Bal.anc.ing act – an action or activity that requires a delicate balance between different situations or requirements.
When it comes to having time to do things, I always feel like the grass is greener.
Sometimes, I’ll see other moms and for example, I’ll think to myself: “Wow! She has three kids, two dogs, looks great, they all look clean, and she’s happy! How does she do that??!” I’ve even been asked, “Where do you find the time to get all of that done??” Truth of the matter, there are a lot of things that I never get to. I have learned to create a balance that works, (on occasion) with me and my family. I say “on occasion” because I don’t necessarily have it down to a science, but I can say we still manage to find time to enjoy the things that make us happy and keep us ticking! I hope my suggestions will help you get it all, (mostly) done and keep you smiling at the same time!

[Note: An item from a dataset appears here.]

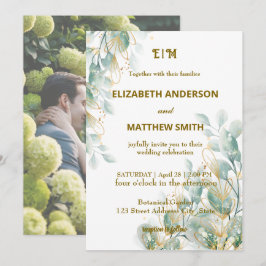 Invitación Elegante boda fotográfico botánico de parejas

I have been both a full-time, working mom, and a full-time stay -at -home mom and I can assure you neither is easier than the other. Both have their major challenges. Well, maybe the fact that you don’t have to watch Kipper the Dog on repeat when you go into work might make things a tad bit easier 🙂 But either way, if you let it, it’s extremely easy to get overwhelmed by the fact that you feel like you don’t have enough time. Time to spend with your children, time to clean the house, time to keep up with the laundry, time to even go get your nails done or do something nice for yourself. And of course, the time to work out.

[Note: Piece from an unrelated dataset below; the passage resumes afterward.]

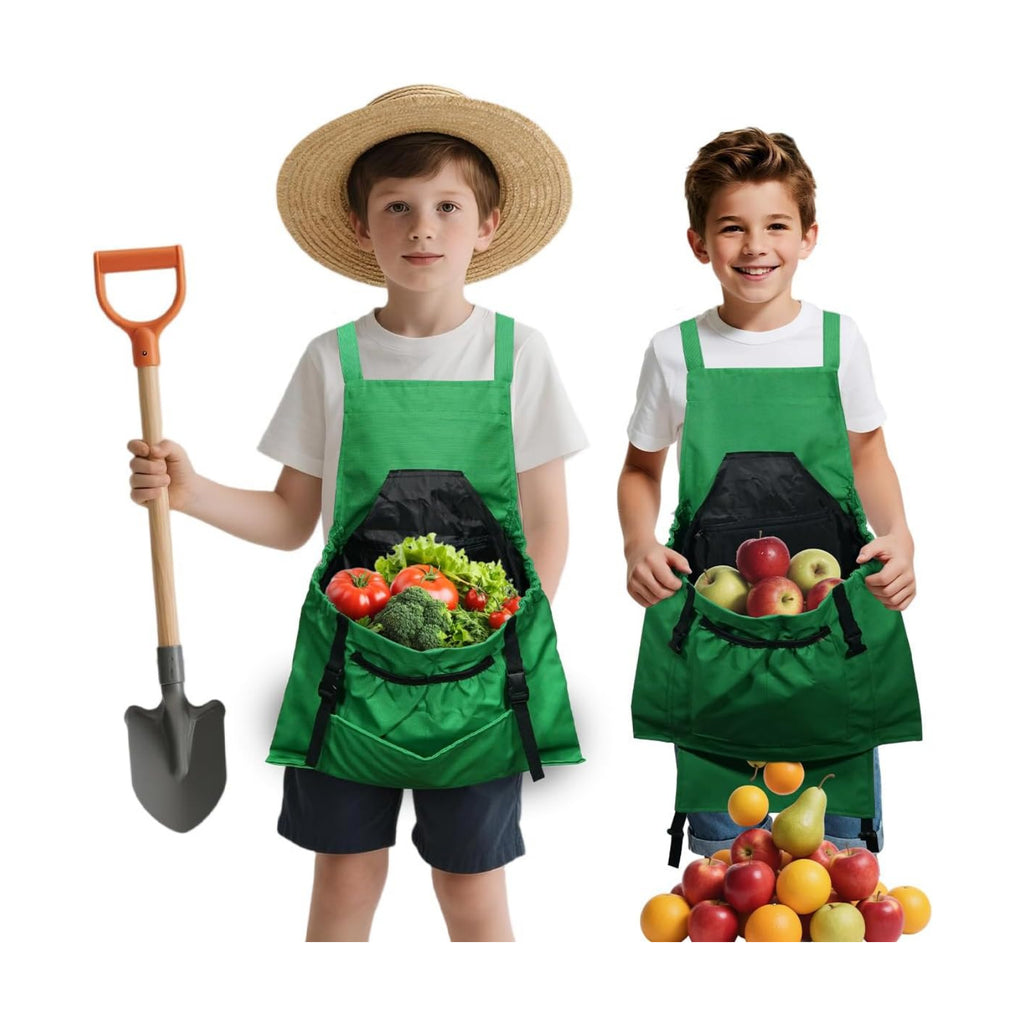 Kids Gardening Apron,Canvas Garden Apron with Pockets and Harvesting Pouch for 6-12 Grils and Boys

It’s a balancing act. Some of you have perfected this technique better than others. Some of you realize that you need some help! By the way, if anyone wants to be a live -in nanny for me – for free- please let me know! But, nonetheless it absolutely can be done. It does take some effort, of course, but there are ways that you can get back to you in such a busy chaotic “Mom world.” It comes along with the idea being kind to yourself. Giving yourself a much needed mom-break… For everyone’s sanity!
The first thing that is absolutely crucial in getting it all happily done is planning ahead. I actually stay up late at night, when it’s actually quiet, and plan out my whole week; sometimes even a whole month. I completely understand things come up at the last minute and I think that’s where flexability comes in.
Don’t forget about you! If I’m going to be completely honest with you, it’s those times that I’m able to do small things for myself that I feel most energetic, most happy, and most content. So why not work those things into your schedule? Don’t you deserve a minute or two? But you also have to know your limits. Sometimes you have to say no to things. Which is something I’ve still been working on! I’m one of those types of people that says “Yes, I’ll be there! Sure, I’ll come!” And then think to myself, “Oh wait, I have three things going on that day. And I still don’t have a babysitter!”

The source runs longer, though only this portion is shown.